Following the publication of its Manifesto, the Scotland and Northern Ireland Plumbing Employers’ Federation (SNIPEF) has welcomed the latest Construction Policy Note (CPN 1/2021) from the Scottish Government which addresses one of its key planks.

The note, issued in March by the Construction Procurement Policy Unit, focuses on Sustainable Tender Pricing, which SNIPEF highlighted in its document as a primary area for consideration by the incoming government after the Holyrood election in May.

The comprehensive Manifesto was intended to alert legislators to the issues on which the Federation has been consistently campaigning, among which procurement on a whole life basis rather than lowest cost was of immediate relevance.

Now the policy note is reminding bidders of the importance of submitting realistic and sustainable bids, and public sector clients of ensuring that only those bids that represent the best value in terms of whole life cycle and project delivery are accepted.

The public sector spends around £4 million a year on construction, a sector made up in Scotland of 31,000 businesses which employ 170,000 people. It is a vital part of the Scottish economy.

Fiona Hodgson, Chief Executive of SNIPEF, said: “Our Manifesto was aimed at helping to build a resilient and sustainable construction landscape in which plumbing and heating firms can develop, compete and thrive.

“It is encouraging that the new policy note on sustainable tendering recognises that the public sector must identify abnormally low tenders, investigate them and exclude them if there is no reasonable justification for the bid. However, it would be more encouraging if it outlined clear means of enforcement.

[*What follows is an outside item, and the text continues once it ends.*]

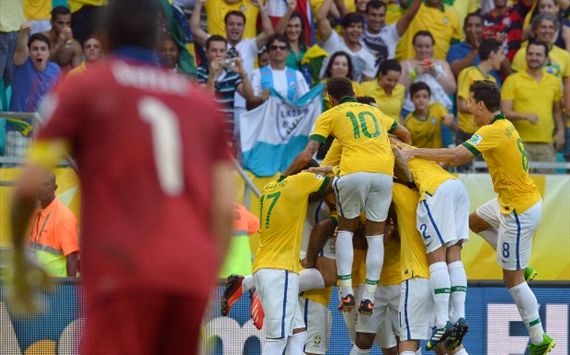 Italy 2 - 4 Brazil: Fred fires Selecao to top spot in Group A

“Unsustainable pricing benefits no one and it is the responsibility of contractors and clients to end this corrosive practice and incorporate a culture in which such practices are unacceptable.”

The CPN argues that the real issue is an environment in which low bidding is the norm. It says the practice can stem from a perception among bidders that winning a tender is the start of the discussion on price. It adds that contracting authorities may misguidedly place a greater emphasis on price than is healthy.

Specialist construction industry consultant Len Bunton, said: “this is a step in the right direction, however a great deal of work needs to be carried out here to see this becoming a reality. Government keeps talking about procurement becoming value driven, and not lowest cost, so a procurement strategy needs to be delivered to ensure this happens. The practice of subcontractors being asked to give further discounts before a subcontract is placed, is wholly unacceptable and more transparency is needed.”

Professor Rudi Klein, construction expert and a major force in driving industry improvement, said: “I pay tribute to SNIPEF’s campaigning on this issue. Unsustainable pricing militates against firms being able to deliver social value such as employing apprentices, upskilling their workforces and investing in new equipment and technologies which altogether drive-up quality.”

The Manifesto from SNIPEF, which represents more than 750 businesses and more than 5,000 plumbing and heating operatives in Scotland and Northern Ireland, highlighted four key areas: Net Zero; Employment; Fair Work, including procurement practices; and Protection of Title.